So some opacity doesn't just hide - it stabilizes. It makes your actions real in the boring sense: they reflect constraints in the system, not only strategic choices. 

All things being equal, we prefer to associate with people who will never murder us, rather than people who will only murder us when it would be good to do so - because we personally calculate good with a term for our existence. People with an irrational, compelling commitment are more trustworthy than people compelled by rational or utilitarian concerns (Schelling's Strategy of Conflict) -- Shockwave's comment here (emphasis mine). See also Thomas C. Schelling's "Strategy of Conflict"

So opacity to ourselves can not only function as a defence against hostile opponents, but also enables cooperation of others with us. As long as we don't know why we consistently behave in a predictable way, we can't systematically change it. Opacity enables commitment.

But not all types of opacity or transparency are equal. When people argue about "transparency," they often conflate at least three things:

  1. Opacity to others: Privacy, boundaries, and omission (strategic information hiding).
  2. Opacity to self: You don't fully know what's driving you; the process and input that gives rise to your thoughts is at least partly hidden.
  3. Opacity to will: You can't rewrite your motivations on demand.

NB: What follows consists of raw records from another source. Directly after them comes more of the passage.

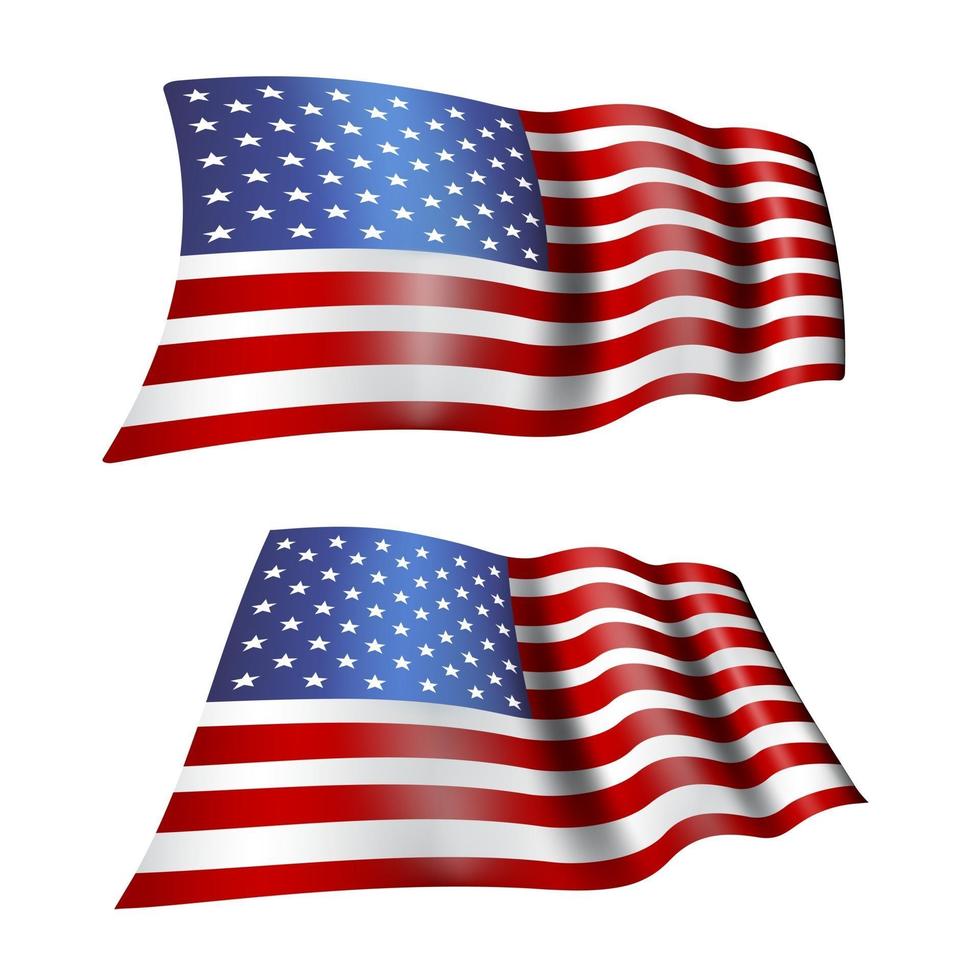 Flag of the United States of America vector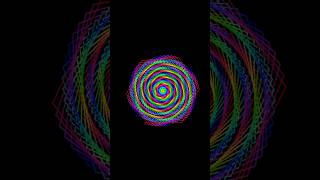 Beautiful Colorful Pattern Using Python Turtle & Colorate | Python Creative Coding #shorts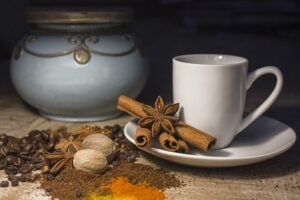 Coffee Pot, Cup, Seasoning, Cinnamon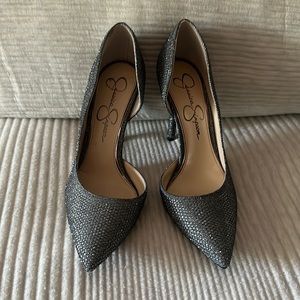 Jessica Simpson silver Stiletto Heels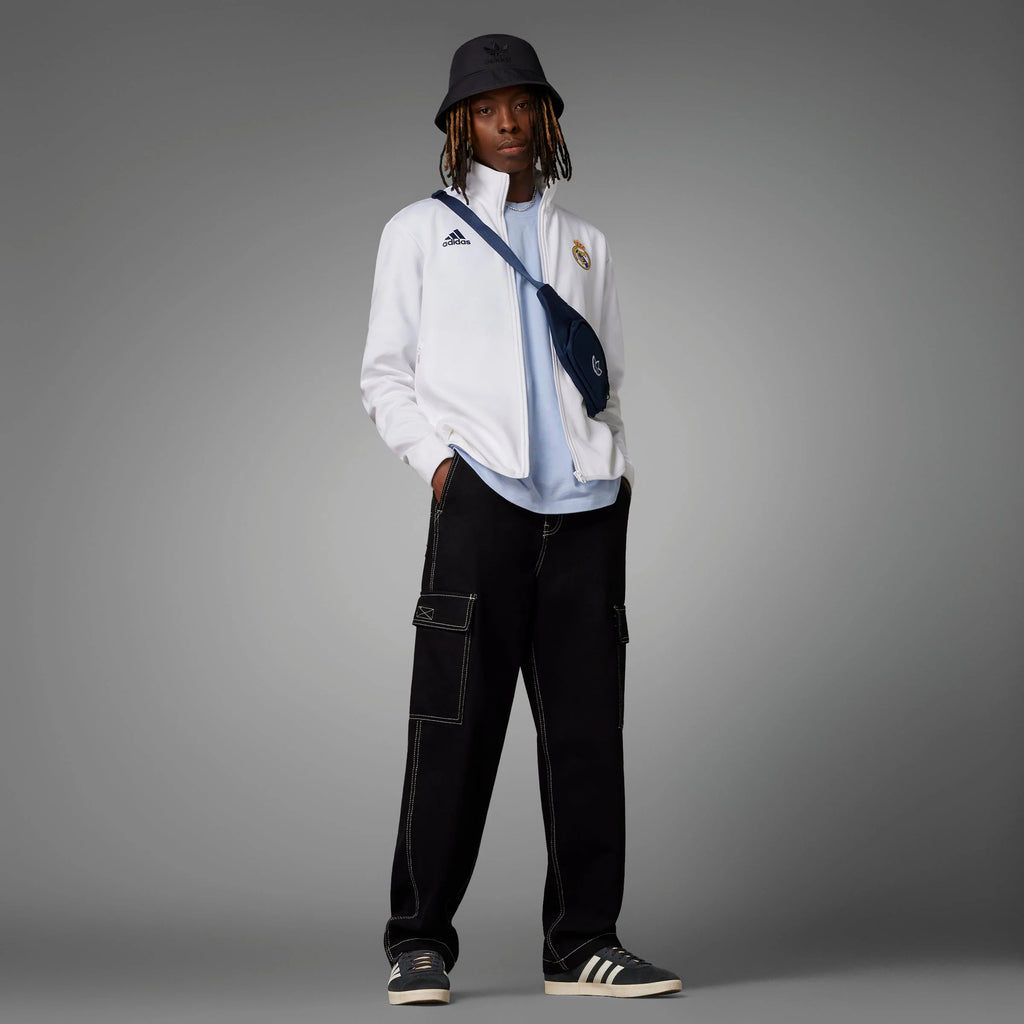 adidas Real Madrid Anthem Jacket White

What is special about cooperation here is that you can want more legibility at the interface while still needing less legibility in the implementation.

A good team doesn't need to see every desire. It needs reliable commitments and predictably named states.


Failure modes

Valentine discusses some ways self-deception can go wrong; for example, it can mislabel the problem as a “personal flaw” or show up as akrasia, mind fog, or distraction. Se should also expect the the reverse direction, the coordination interface, to have failure modes. Which ones can you think of? Here are four illustrations for common failure modes. Can you decode which ones they are before reading on?

 

Performative transparency

In A non-mystical explanation of insight meditation...  Kaj writes:

I liked the idea of becoming "enlightened" and "letting go of my ego." I believed I could learn to use my time and energy for the benefit of other people and put away my 'selfish' desires to help myself, and even thought this was desirable. This backfired as I became a people-pleaser, and still find it hard to put my needs ahead of other peoples to this day.

You become legible, but the legibility is optimized for being approved of, not for being true.

The tell is if your "self" changes with the audience; you feel managed rather than coordinated.

Rigidity dressed up as authenticity

In When Being Yourself Becomes an Excuse for Not Changing Fiona writes:

a friend breezed into lunch nearly an hour late and, without a hint of remorse, announced, “I’m hopeless with time.” Her casual self-acceptance reminded me of my younger self. From my current vantage point, I see how easily “that’s just who I am” becomes a shield against any real effort to adapt.

Sometimes "this is just who I am" is a boundary. Sometimes it's a refusal to update. Everybody has interacted with stubborn people. This is a common pattern. But you can tell if it is adaptive if it leads to better cooperation. Does it make you more predictable and easy rto cooperate with, or does it mainly shut down negotiations that might  (!) overwhelm you?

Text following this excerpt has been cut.